I am very pleased to launch our latest effort to encourage more widespread use and understanding of the life-saving field of telemedicine through our Power of Telemedicine web discussion. Telemedicine has grown steadily over the past decade. The USDA’s Rural Utilities Service (RUS) has participated consistently along the way, supporting innovation in telemedicine as early as 1993 with our Distance Learning and Telemedicine grant program. Our telemedicine program is designed specifically to meet the health care needs of rural America. Through loans, grants and loan and grant combinations, advanced telecommunications technologies provide enhanced health care opportunities for rural residents. It, together with our Distance Learning program, has funded over 900 projects in 48 states and several US Territories totaling over $300 million.
Now, we’re excited to use web-based tools to receive feedback from the broad constituency of telemedicine practitioners, patients, institutions, and others touched by these innovations. We hope that a public discussion will help establish best practices guidelines for broadband and technology developers.
Our rural families, clinics and hospitals frequently have suffered from not having ready access to health care.
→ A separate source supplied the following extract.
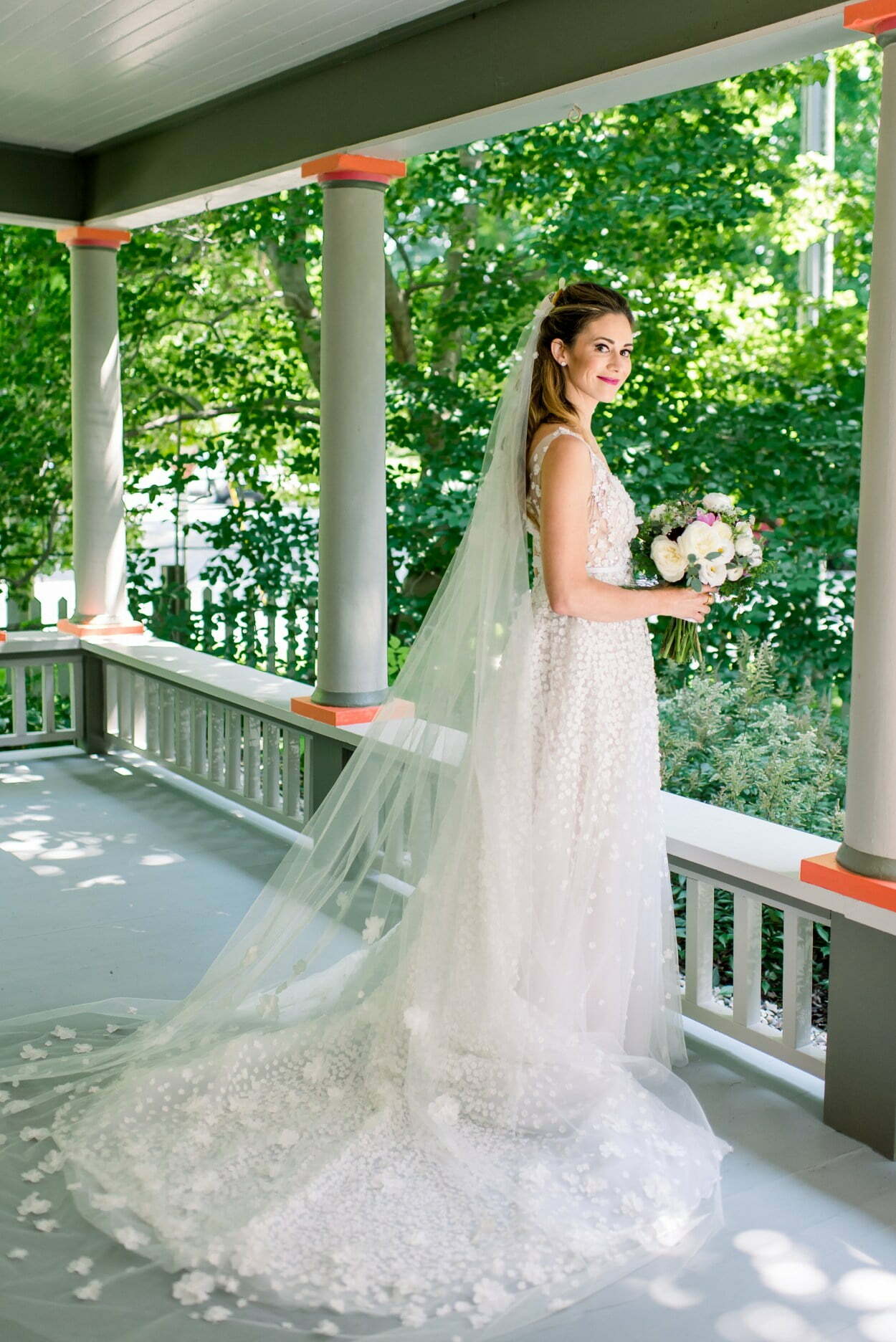 Smiling bride with bouquet on porch.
There are fewer doctors per person in rural regions, far less access to specialty physicians, and driving times to health facilities are greater. Using advanced telecommunications technology, telemedicine enables the sharing of resources of major hospitals, the specialties of more doctors, and sophisticated diagnostic tools that are often too expensive to be deployed to lightly populated regions.
We look forward to working with organizations such as the American Telemedicine Association in continuing to gather feedback and ideas. Your comments will allow us to improve our programs and to chart the way toward additional new efforts in the future. In the coming weeks, please help us by contributing your thoughts to our Open Government discussion forum. Through the Power of Telemedicine effort, we are inviting the public, and especially telemedicine practitioners and user communities to provide input on how we can achieve our goals with telemedicine.